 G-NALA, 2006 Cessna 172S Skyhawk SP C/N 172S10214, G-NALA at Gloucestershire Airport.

* * *

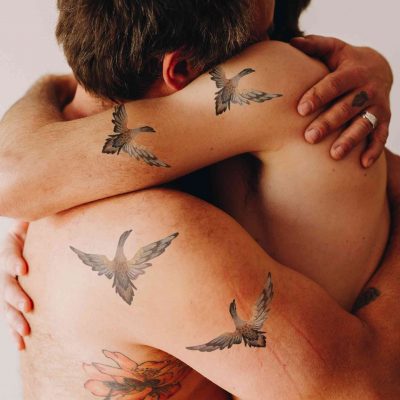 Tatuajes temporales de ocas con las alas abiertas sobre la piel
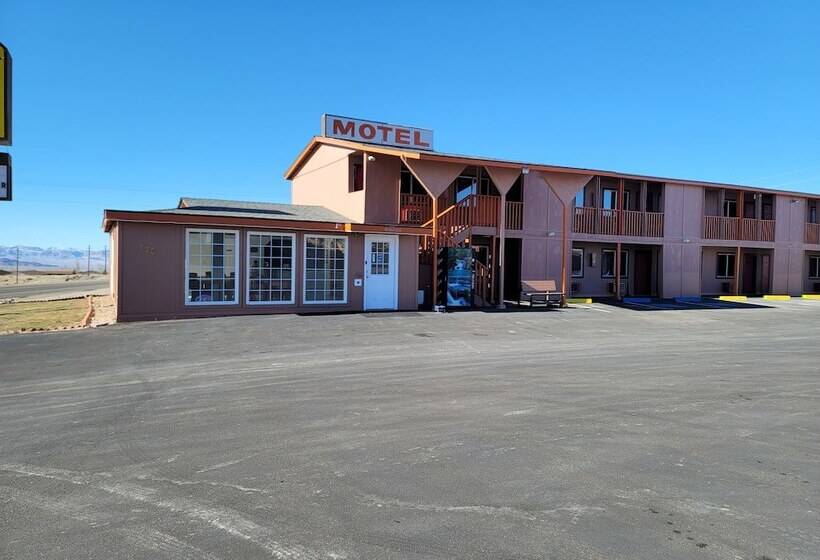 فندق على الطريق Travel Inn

## [PROBLEM DETAILS]
Please repeat, exactly as written, the lines in the records above, starting with the one that has "Tatuajes temporales de" and going on through the one that has "فندق على الطريق Travel Inn". Pictures are to be left out.

## [SOLVED PROBLEM]
 Tatuajes temporales de ocas con las alas abiertas sobre la piel
 فندق على الطريق Travel Inn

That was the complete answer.